BRIEF:
Reproduce each entry exactly as it reads. Leave the images out.

ENTRIES SHOWN:
--

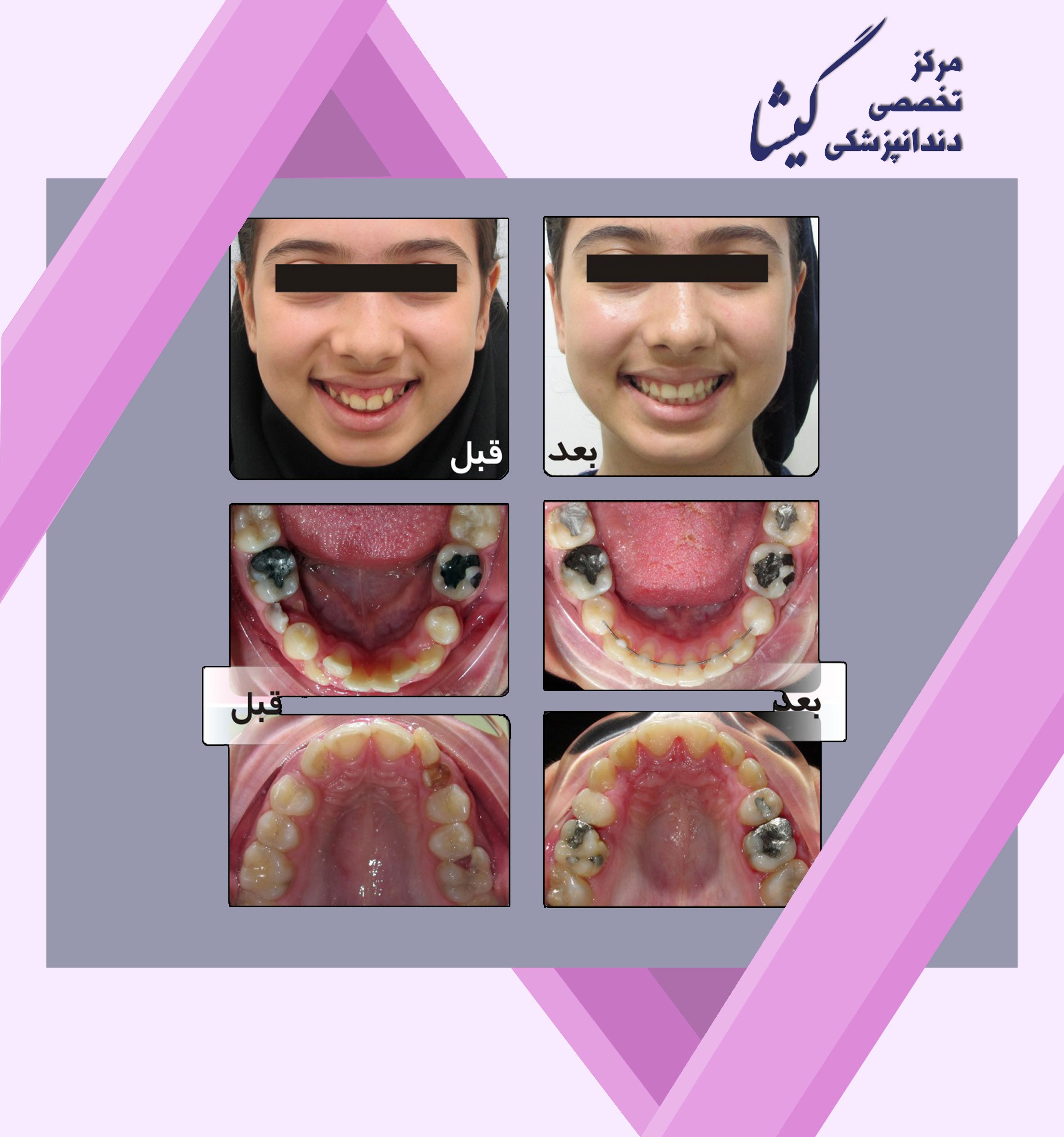 یک بیمار درمان شده در سن 12 سالگی به علت نهفته بودن  دو دندان نیش فک بالا، 2 دندان آسیای کوچک از بیمار کشیده شد.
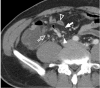 Fig. 11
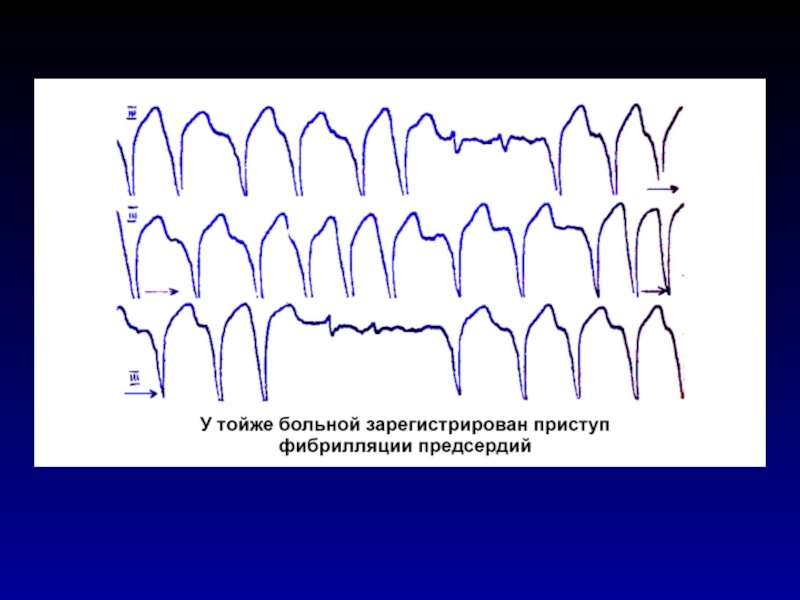 Параксизмфибриляций предсердий карта вызова смп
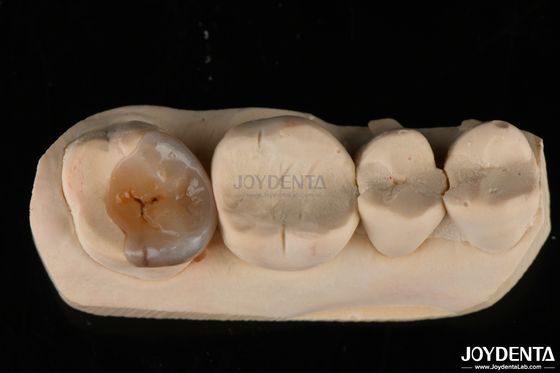 Des incrustations dentaires Emax personnalisées et naturelles pour la restauration des dents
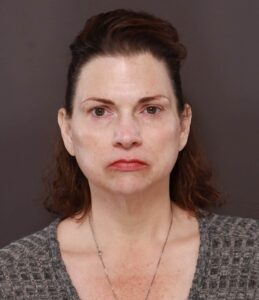 Facelift, Upper Blepharoplasty, Periorbital Fat Grafting by Dr. Thompson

--

ANSWER FOR THE TASK:
 یک بیمار درمان شده در سن 12 سالگی به علت نهفته بودن  دو دندان نیش فک بالا، 2 دندان آسیای کوچک از بیمار کشیده شد.
 Fig. 11
 Параксизмфибриляций предсердий карта вызова смп
 Des incrustations dentaires Emax personnalisées et naturelles pour la restauration des dents
 Facelift, Upper Blepharoplasty, Periorbital Fat Grafting by Dr. Thompson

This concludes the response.